● **INPUT**:
________________
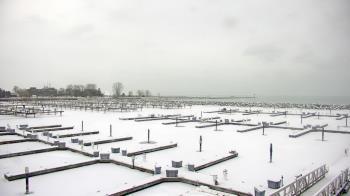 Weather camera view of Waukegan Harbor and Marina.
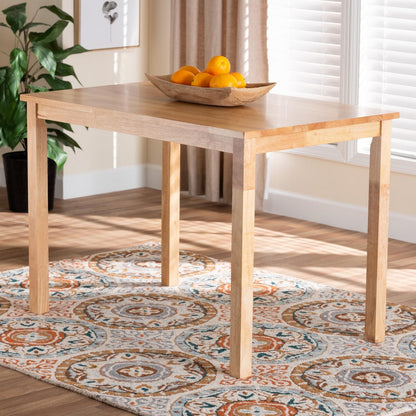 Baxton Studio - Eveline Dining Table in Natural Brown - RH7006-Natural-DT view 7
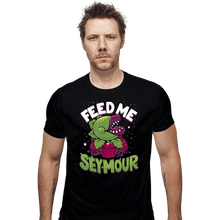 Load image into Gallery viewer, Daily_Deal_Shirts Fitted Shirts, Mens / Small / Black Feed Me Seymour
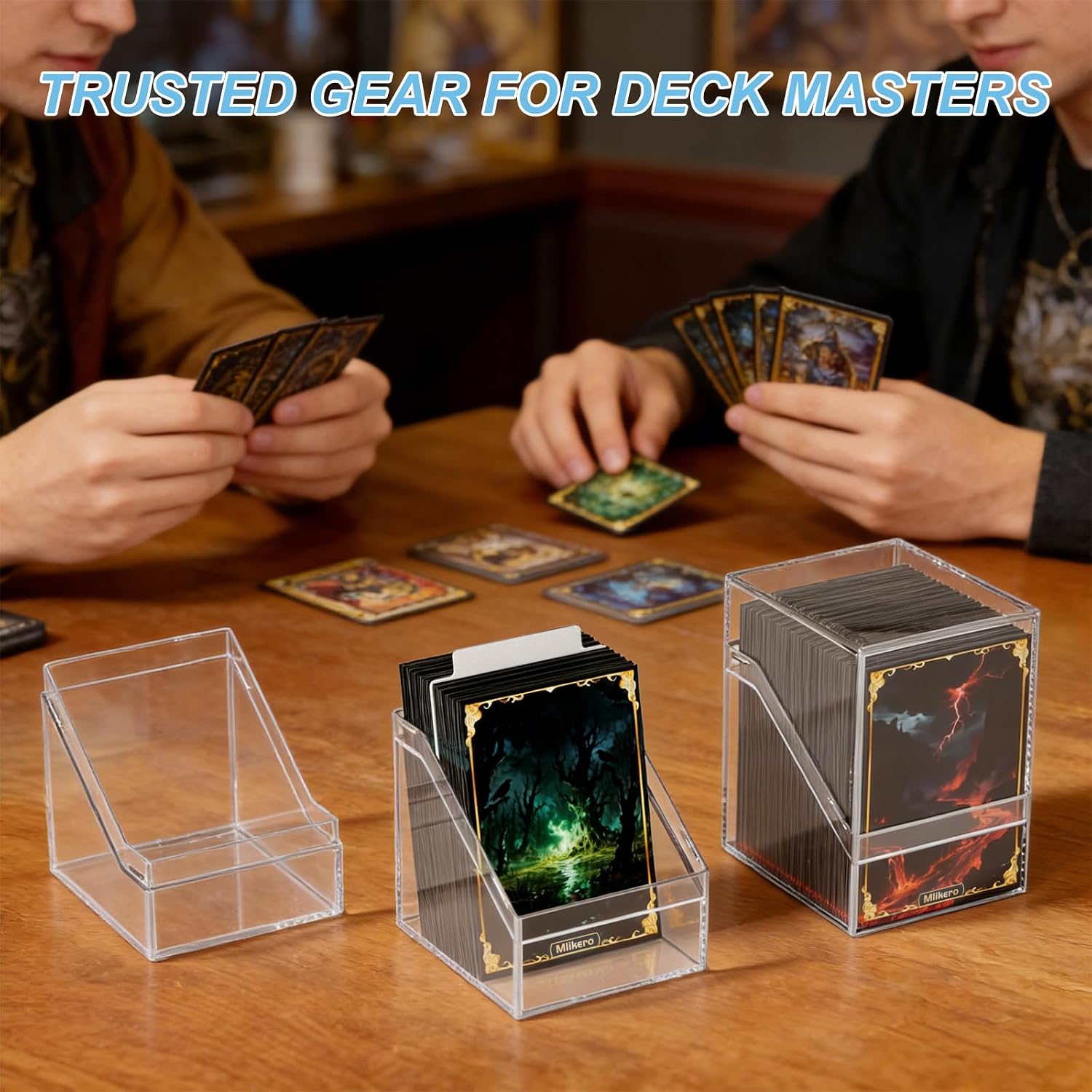 Thumbnail 5 de Mlikero Card Deck Cases 100+ Card Storage Box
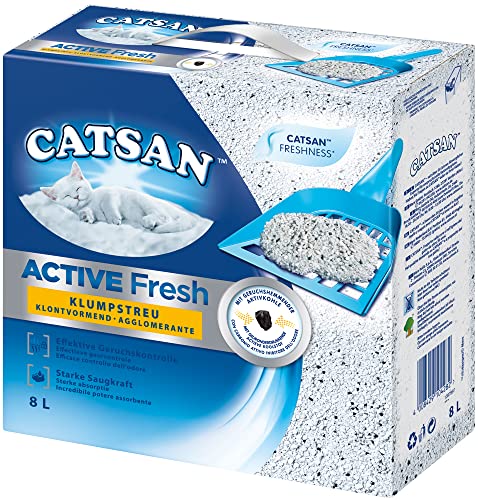 Catsan Active Fresh Katzenstreu, klumpend, 8 Liter von Catsan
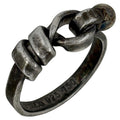 Tiffany & Co Hook Eye Ring 18K 750 Silver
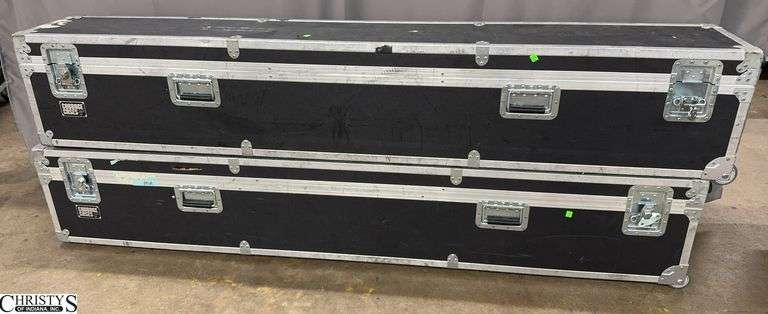 Pair of AV Road Cases Largest 86x13x16 image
________________
● **BRIEF**: Extract only the lines from the line containing "Tiffany & Co Hook Eye Ring 18K 750 Silver" through the final line of the listing above, unchanged; pictures stay out of the copy.

● **PROBLEM SOLUTION**:
 Tiffany & Co Hook Eye Ring 18K 750 Silver
 Pair of AV Road Cases Largest 86x13x16 image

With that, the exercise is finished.